WORTH: Let me ask about some of the labels the press has given you: “Short-seller.”
David Einhorn: It’s not really the right description. We’re long and we’re short, and most days I’d much rather the market go up than down. But we do find some bad companies doing bad things and we sell them short, and I think that’s a good thing.
That label is often used as a pejorative.
Indeed.
What’s wrong with being a short-seller?
Well, first of all, a lot of people don’t understand it. They don’t understand whether short-seller means “short term”—they get confused with that. They don’t like the idea that you’re effectively betting that something bad happens. People want other people to succeed; they want the stock market to go up. I want other people to succeed; I want the stock market to go up.
But I do think that there is a social value in identifying companies that are doing bad things and betting against them. I’ve seen the demise of a fair number of these companies, and it’s not because we’ve bet against them, it’s because these were flawed companies.
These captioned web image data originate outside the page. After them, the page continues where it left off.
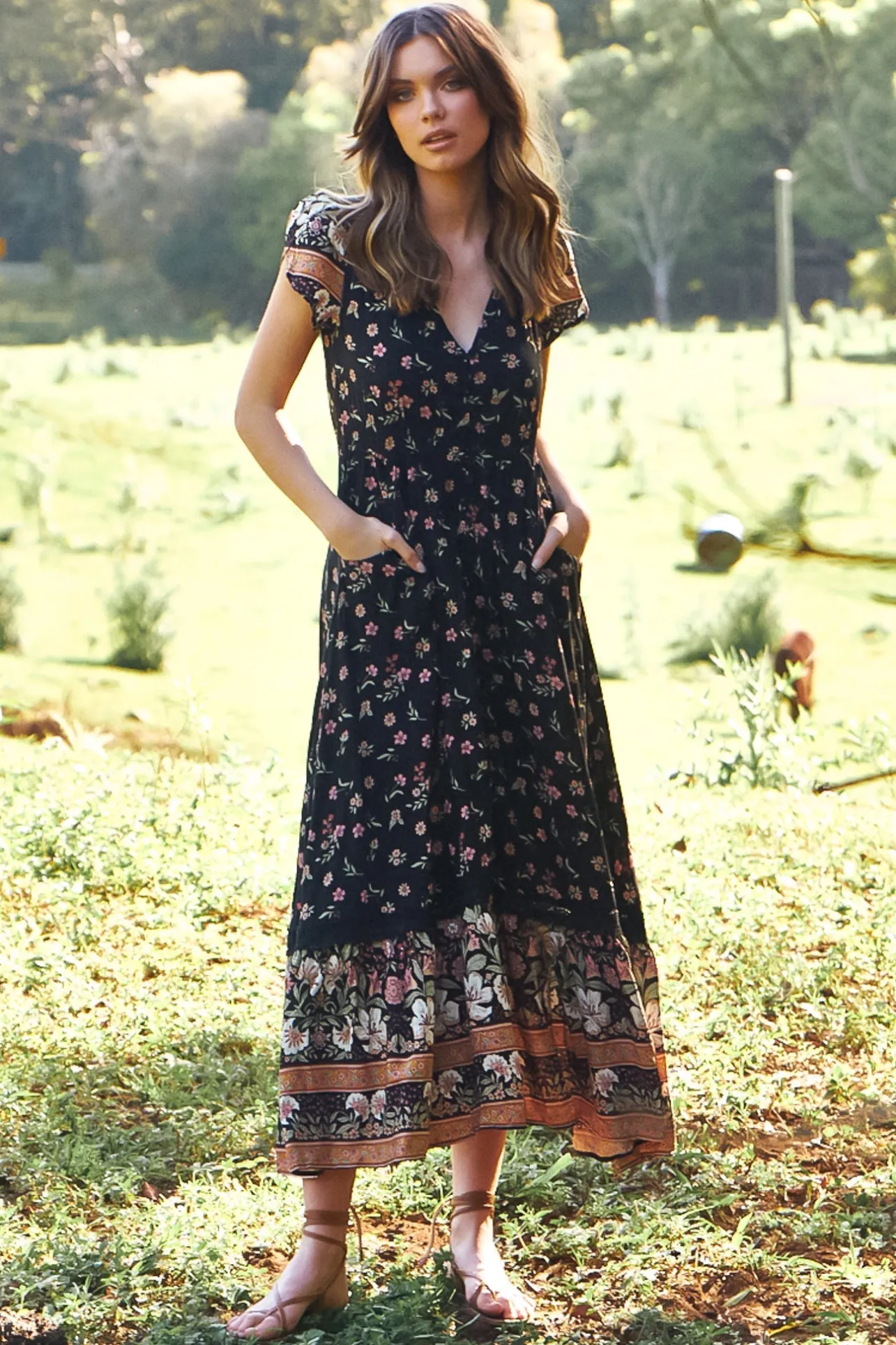 Carmen Maxi Dress - Butterfly Cap Sleeve Button Down A Line Dress with Lace Trim in Eternity Print>Jaase Discount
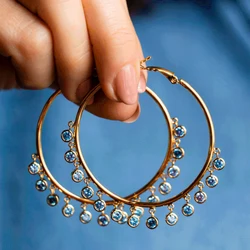 Huitan Funny Tassel Hoop Earrings For Women Big Circle Loop Gold Color Accessories Party Daily Wear Stylish Earring Large Female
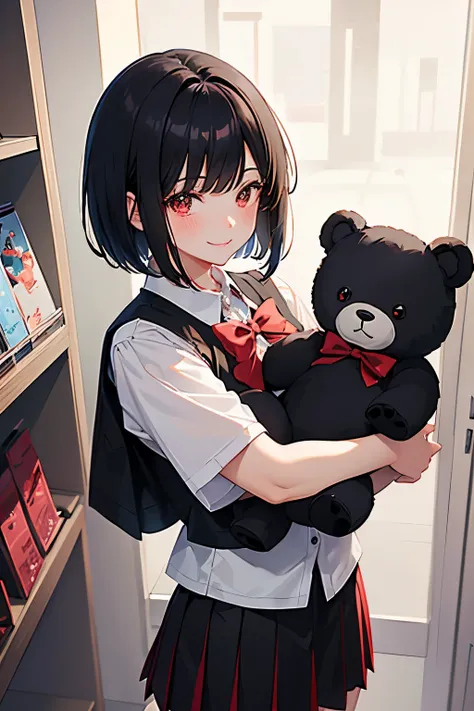 1 stunningly beautiful smiling college girl, blushing, short black hair, bob cut, wearing an Japanese school uniform, red eyes, Alice the bully, 18 yo, ((short black skirt)), red bow, ((light gray vest)), holding a fluffy ((black teddy bear)) in a store,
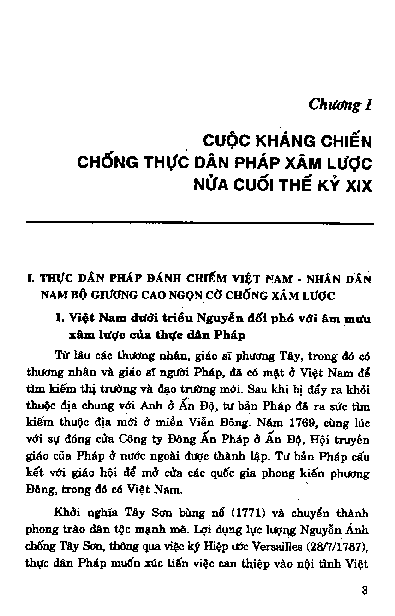 Chương I Cuộc kháng chiến chống thực dân Pháp xâm lược nửa cuối thế kỷ XIX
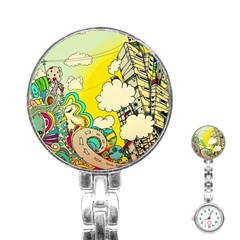 Doodle Wallpaper Artistic Surreal Stainless Steel Nurses Watch by Salman4z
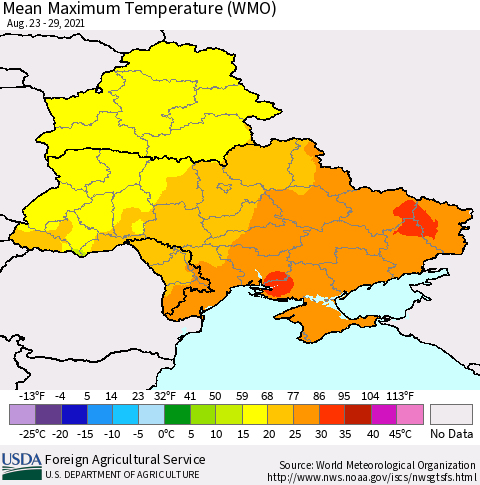 Ukraine, Moldova and Belarus Maximum Temperature (WMO) Thematic Map For 8/23/2021 - 8/29/2021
And our country, our markets, our economy are better when companies that are flawed or cheating are replaced by better ones.
Some people argue that this isn’t the right time to expose such companies, because they may fail and damage an already shaky economy.
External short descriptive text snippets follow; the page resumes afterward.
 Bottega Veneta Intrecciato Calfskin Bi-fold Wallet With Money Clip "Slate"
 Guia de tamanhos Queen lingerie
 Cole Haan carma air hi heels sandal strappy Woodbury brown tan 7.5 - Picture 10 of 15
How do you define when the right times are and when the not-right times are? The best way to handle this is to not put your business into a position where, if things don’t go exactly the way that you hoped, you’re forced to not tell the truth about your balance sheet.
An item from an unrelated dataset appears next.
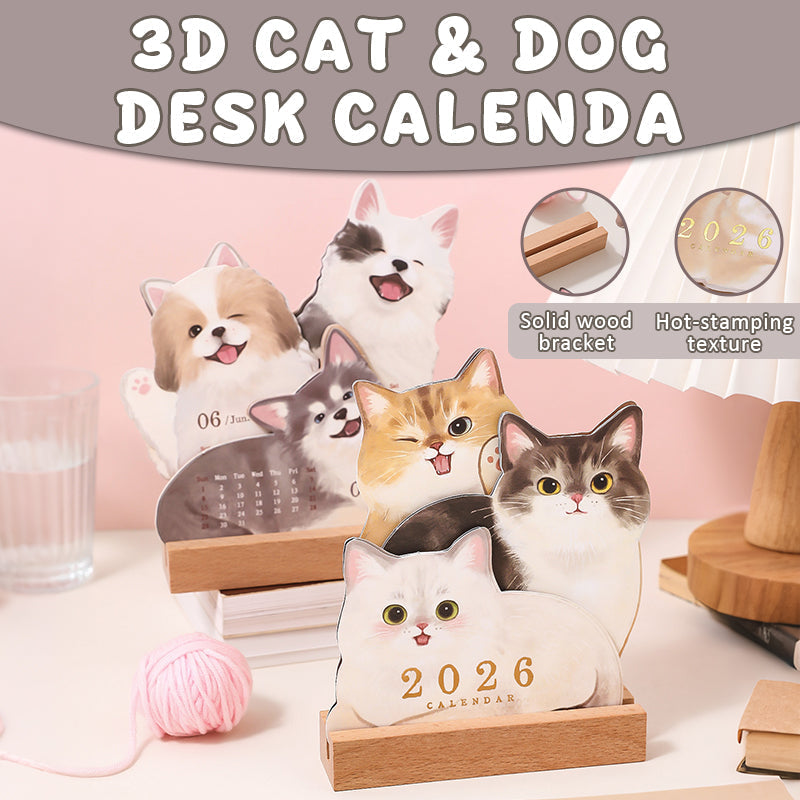 📅🐾3D-skrivebordskalender med katt og hun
Let me read you a sentence that appeared in the New York Times recently in a piece about you and Lehman Brothers: “For eight months now Mr. Einhorn, a rabble-rousing hedge fund manager, has pilloried the venerable Lehman Brothers in an effort to drive down the bank’s stock price, which he is betting against.”
How many things in that sentence would you take exception to?
Other than “David Einhorn,” I think everything.
“Rabble-rousing”?
A Washington Post journalist referred to me as a “cocky punk.” It’s interesting to see how folks are willing to engage in this.
The most loaded part of that sentence is probably the characterization, “in an effort to drive down the bank’s stock price.” That’s a common charge made against you in the context of Lehman and Allied—that you’re talking down these companies purely out of financial self-interest.
It’s self-evidently true that if the stock goes down we are positioned to make a profit. The question is, is that the whole story? And the answer is, it really isn’t.
If you talk about a stock, it’s not going to go down because you talked about it. It’s only going to change in price, up or down, based upon whether you add significant new information or analysis into the market. So the purpose of talking about the stock is to add information into the market, and if people find it old news or unpersuasive, more likely than not, they’re going to take the opposite side.
I’ve stood up and talked about lots of stocks where there’s been absolutely no reaction in the stock after I talked about it. And that’s fine too.
Why is it so hard for people to believe that a hedge fund manager could speak out on an issue for motives unrelated to profit?
DE: People believe what they want to believe, and the hedge fund industry’s press is miserable.
One of the things that must have been a real challenge for you, during the controversy over your short of Allied Capital, was this suspicion and distrust of hedge funds.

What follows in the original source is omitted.